> _WHAT THE TASK ASKS_:
Write out the line with "卢伟冰连发两条关于屏幕的投票！为Redmi K30 Pro预热做准备？" and every later line through the end of the data below, exactly as given, with no pictures in the copy.

> _GIVEN INFORMATION_:
#####

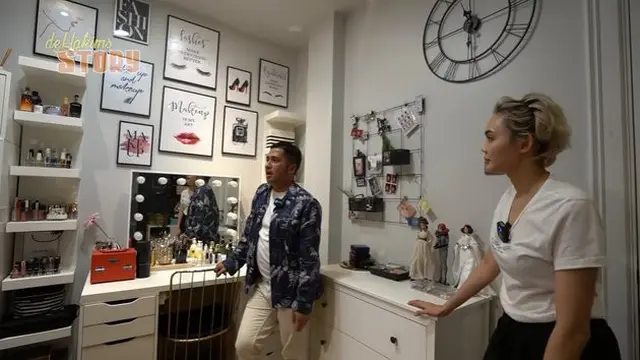 6 Potret Rumah Rina Nose dan Suami, Berdesain Modern hingga Instagramable
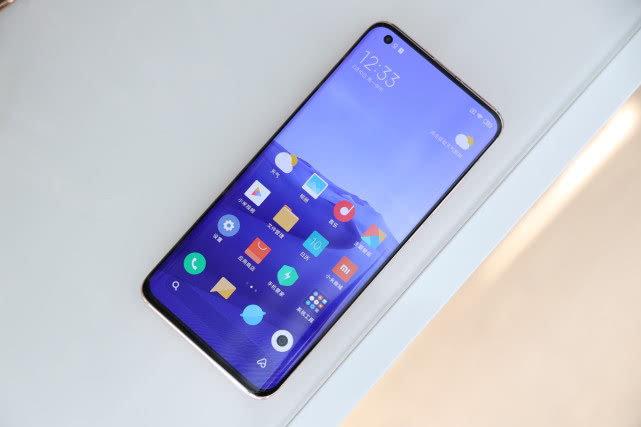 卢伟冰连发两条关于屏幕的投票！为Redmi K30 Pro预热做准备？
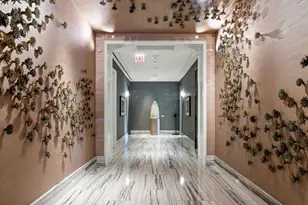 118 E Erie St, Chicago, IL 60611 - Photo 30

#####

> _TASK RESPONSE_:
 卢伟冰连发两条关于屏幕的投票！为Redmi K30 Pro预热做准备？
 118 E Erie St, Chicago, IL 60611 - Photo 30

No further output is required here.